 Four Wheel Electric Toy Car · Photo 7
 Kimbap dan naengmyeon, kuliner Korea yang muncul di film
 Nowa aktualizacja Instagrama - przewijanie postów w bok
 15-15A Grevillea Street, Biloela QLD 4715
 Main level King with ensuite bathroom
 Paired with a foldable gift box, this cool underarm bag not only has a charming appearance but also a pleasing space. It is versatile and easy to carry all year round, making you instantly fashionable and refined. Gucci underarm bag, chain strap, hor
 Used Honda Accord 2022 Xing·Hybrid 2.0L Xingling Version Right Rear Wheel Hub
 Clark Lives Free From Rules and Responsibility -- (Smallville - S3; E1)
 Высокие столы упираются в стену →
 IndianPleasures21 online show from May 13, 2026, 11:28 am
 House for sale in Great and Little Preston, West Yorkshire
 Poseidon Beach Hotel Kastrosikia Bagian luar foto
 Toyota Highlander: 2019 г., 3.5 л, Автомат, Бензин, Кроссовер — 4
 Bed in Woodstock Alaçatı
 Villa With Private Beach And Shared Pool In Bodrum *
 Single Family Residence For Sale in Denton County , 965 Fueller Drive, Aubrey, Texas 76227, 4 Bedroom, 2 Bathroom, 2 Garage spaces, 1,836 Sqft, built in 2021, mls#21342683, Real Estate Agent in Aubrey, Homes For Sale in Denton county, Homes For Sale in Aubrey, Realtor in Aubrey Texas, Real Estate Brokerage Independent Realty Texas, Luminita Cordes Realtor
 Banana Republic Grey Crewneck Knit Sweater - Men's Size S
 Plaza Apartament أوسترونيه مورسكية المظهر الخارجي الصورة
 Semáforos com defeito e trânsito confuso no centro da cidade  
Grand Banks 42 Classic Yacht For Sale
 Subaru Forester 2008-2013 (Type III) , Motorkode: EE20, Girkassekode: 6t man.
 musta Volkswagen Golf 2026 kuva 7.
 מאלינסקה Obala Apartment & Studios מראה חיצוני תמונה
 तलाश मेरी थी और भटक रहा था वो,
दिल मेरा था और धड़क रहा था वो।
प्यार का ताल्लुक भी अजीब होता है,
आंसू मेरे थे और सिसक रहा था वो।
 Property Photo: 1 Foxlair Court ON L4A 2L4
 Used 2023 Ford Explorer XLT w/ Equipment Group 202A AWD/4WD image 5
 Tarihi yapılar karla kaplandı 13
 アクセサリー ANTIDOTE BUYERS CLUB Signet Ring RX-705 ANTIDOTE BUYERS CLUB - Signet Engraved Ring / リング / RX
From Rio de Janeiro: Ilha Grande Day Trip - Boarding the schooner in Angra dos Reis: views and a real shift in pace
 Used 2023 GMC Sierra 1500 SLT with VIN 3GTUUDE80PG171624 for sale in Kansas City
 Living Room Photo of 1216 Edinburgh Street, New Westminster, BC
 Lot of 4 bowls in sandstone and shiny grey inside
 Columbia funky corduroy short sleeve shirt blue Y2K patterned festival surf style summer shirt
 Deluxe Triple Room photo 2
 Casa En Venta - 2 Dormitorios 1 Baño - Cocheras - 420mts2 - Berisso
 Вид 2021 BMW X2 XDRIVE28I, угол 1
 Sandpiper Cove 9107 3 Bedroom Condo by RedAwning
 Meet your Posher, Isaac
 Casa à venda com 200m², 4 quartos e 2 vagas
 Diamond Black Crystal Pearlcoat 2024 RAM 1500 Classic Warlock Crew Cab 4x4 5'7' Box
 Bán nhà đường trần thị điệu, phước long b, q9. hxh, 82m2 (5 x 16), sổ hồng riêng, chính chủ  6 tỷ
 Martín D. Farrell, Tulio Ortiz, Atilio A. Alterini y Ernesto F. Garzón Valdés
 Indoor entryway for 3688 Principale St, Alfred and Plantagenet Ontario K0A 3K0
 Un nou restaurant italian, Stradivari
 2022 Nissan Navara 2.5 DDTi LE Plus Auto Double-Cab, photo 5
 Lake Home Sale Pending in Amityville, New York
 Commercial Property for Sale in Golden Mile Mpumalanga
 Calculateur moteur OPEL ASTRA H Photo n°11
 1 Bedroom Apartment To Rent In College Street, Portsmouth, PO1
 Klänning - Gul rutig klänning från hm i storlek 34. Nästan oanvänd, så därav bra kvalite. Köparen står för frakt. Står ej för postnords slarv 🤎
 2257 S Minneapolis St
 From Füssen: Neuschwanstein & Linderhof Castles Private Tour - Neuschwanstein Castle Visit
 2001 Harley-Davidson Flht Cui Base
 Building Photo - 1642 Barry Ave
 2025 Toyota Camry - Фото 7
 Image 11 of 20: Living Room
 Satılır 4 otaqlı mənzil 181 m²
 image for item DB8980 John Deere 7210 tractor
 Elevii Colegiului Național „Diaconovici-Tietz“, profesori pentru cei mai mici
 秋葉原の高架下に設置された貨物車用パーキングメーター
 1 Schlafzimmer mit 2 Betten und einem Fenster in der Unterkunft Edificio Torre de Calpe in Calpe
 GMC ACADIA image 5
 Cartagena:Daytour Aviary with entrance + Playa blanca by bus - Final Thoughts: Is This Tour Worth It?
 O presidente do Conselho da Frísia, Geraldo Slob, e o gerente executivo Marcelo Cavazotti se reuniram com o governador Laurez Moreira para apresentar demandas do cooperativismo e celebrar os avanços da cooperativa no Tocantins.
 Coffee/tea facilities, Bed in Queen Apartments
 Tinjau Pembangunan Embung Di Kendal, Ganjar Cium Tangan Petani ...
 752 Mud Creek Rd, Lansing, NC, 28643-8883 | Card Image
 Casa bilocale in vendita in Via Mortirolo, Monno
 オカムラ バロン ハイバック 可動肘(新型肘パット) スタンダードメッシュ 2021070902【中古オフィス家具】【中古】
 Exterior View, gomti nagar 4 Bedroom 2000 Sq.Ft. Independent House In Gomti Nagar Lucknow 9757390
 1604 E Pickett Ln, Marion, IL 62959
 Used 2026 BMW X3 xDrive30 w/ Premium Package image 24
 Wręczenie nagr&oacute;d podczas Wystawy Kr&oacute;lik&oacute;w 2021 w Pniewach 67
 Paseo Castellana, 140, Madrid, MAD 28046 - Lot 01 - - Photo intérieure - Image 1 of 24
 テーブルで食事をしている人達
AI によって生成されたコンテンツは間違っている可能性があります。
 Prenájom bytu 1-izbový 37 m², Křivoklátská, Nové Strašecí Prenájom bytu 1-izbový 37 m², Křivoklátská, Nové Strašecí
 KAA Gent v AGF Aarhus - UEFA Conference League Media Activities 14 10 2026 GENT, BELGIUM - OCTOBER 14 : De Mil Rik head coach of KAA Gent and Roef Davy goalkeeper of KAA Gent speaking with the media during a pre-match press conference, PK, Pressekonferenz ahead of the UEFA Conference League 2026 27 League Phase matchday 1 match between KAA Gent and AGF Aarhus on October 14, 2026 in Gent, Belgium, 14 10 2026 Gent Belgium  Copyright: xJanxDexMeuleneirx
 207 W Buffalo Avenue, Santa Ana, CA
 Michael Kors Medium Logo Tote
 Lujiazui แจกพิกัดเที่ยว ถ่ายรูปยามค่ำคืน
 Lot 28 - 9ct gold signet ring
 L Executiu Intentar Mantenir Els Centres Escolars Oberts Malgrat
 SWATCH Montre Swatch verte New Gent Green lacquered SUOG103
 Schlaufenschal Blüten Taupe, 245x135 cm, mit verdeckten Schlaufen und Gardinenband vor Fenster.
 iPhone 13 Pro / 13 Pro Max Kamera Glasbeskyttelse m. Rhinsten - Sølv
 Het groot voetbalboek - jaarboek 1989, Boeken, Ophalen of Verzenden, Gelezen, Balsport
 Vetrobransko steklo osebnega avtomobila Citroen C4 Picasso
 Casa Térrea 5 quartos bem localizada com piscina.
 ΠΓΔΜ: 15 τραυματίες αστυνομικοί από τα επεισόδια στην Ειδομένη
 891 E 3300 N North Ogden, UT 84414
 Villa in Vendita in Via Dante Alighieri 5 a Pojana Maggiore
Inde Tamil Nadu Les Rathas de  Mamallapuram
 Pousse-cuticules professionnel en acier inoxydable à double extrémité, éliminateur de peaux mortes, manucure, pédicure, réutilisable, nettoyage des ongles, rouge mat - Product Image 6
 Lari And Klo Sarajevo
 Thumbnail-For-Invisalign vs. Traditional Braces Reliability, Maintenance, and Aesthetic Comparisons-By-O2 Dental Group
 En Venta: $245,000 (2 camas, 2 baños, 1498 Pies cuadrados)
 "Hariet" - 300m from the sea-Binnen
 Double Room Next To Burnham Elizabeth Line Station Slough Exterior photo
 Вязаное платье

·····

**Goal of the exercise**
Only lines holding the word "House" are wanted here; copy each from the listing.

**Answer for the task**
 House for sale in Great and Little Preston, West Yorkshire
 Exterior View, gomti nagar 4 Bedroom 2000 Sq.Ft. Independent House In Gomti Nagar Lucknow 9757390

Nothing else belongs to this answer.